Sometimes I’m amazed at how brave my kids are. Or maybe it’s that in comparison, I was disturbingly and illogically terrified of so many things at their age. Or quite possibly, it could be that my parents let me watch way too much TV. My kids have never needed to inspect their closets or underneath their beds prior to bedtime. They have never required the closet door to be closed or their bedroom door to be open. And to my knowledge, they have no strange bedtime routines.

But during my youth, on the other hand, I was a freaky wacko. I had several very specific and very illogical fears that shaped my childhood:

Vampires: I was very wary of any strange tapping/fluttering noises against my window. There were no trees near to it – so the only explanation (if it ever were to happen) would be a bat.

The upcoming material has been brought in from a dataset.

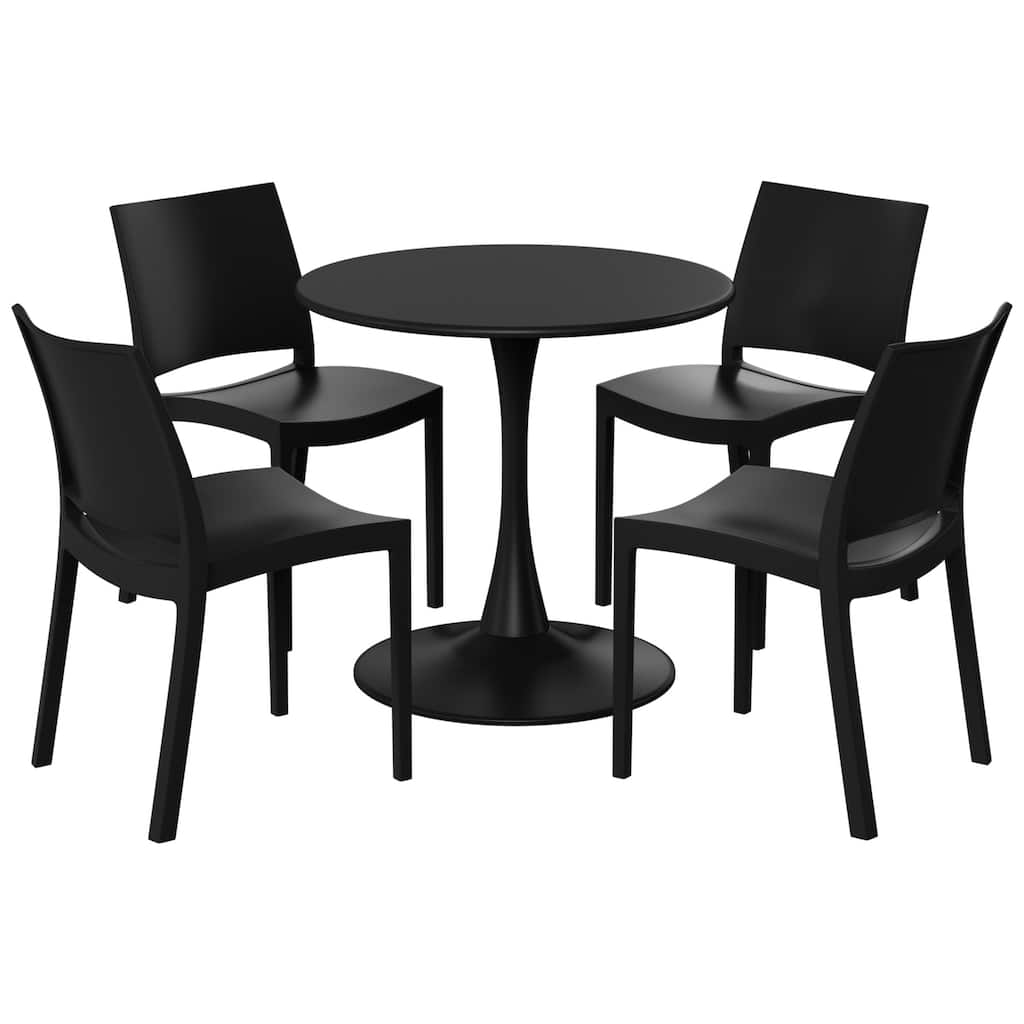 Frond and Form 4-Person Outdoor Round Dining Set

I even had a couple “laying in bed rules” that would help me fall asleep: 1- Always close the window (duh, to keep out bats). 2- Never lay on your back (to avoid looking like you’re lying in a coffin). 3- Keep your blankets pulled up to your chin (thereby protecting your neck and discouraging any vampires from attempting to take a bite). 4- Never let any extremities peek out from under the blankets or hang off over the edge of the bed (self explanatory).

Snakes: I remember very clearly watching a movie called “Ssssssss” while living in our old house. That means I was under the age of five. (Geeez, Dad – didn’t you monitor what I watched at such a young and impressionable age!) The movie was about a town that had a snake infestation. A bite from these snakes would turn people green with scales and they'd develop a lispy speech pattern. I went through a period of time after seeing that movie that I would sleep on piled-up pillows and blankets on top of my bed. I was sure that sleeping up so high off the ground would help me avoid any snake bites leading to transformation into a “snake-person”.

Being killed by a “Psycho” while taking a shower: This fear probably saved my dad some money on our ever-high water bill. One nice thing about our shower was that it had a glass door, so as long as you didn’t close your eyes for too long, you’d probably be able to defend yourself (or at least yell for some help) if Norman Bates stepped into the room.

Demon possession: This was probably the most gripping of all my fears. Of course, this would necessitate an exorcism, which would be horrible. And we weren’t even Catholic, so who would we call?? I’m not sure which one was scarier- Exorcist or Omen. It isn’t right that a child should have to grow up during the same decade that two high-profile possession movies are released.

Poltergeists: I guess this might be along the same line as demon possession. But, unlike most people, we actually had a couple skeletons buried under our house. Yep, really. (The builders unearthed 2 pioneer children while digging our basement.) So, I was pretty sure that this would predispose us to attracting a poltergeist. I was just hoping that it would be one of those friendly/playful ones instead of the mean ones.

Today I’ve conquered most of those crazy childhood fears. I now am able to sleep on my back without obsessing about my blanket positioning and without a pile of pillows. I enjoy a leisurely shower. And luckily my in-laws are Catholic, so they’d know who to call and would be able to save me in case of demonic possession or poltergeist inhabitation. Right, Jan & Bill???

3 comments:

The Hertels (Paul, Tia and Seneca) said...

You and Nikki passed down some "fears" to me and I believe possibly Jill too.....I remember you guys MAKING us listen to that Alfred Hitchcock record in your basement and then scaring the snot out of us while we listened! This led at least myself, to many fears!!

jilldaisbrenne said...

That is exactly how I remember my childhood fears as well. I remember wearing earmuffs to bed sometimes for fear of brain sucking bugs entering through my ears. Or what about crocodiles coming up from the toilets... it's how I learned to pee really quickly! I remember a conversation with you regarding holy water, and if we could make it ourselves. And what about the Amityville Horror/closet lights on resemblances.

What were our parents thinking?!?! It's a wonder the three of us turned out fairly well adjusted.

Tammy said...

Ooooooooo....I forgot about the Amityville closet lights.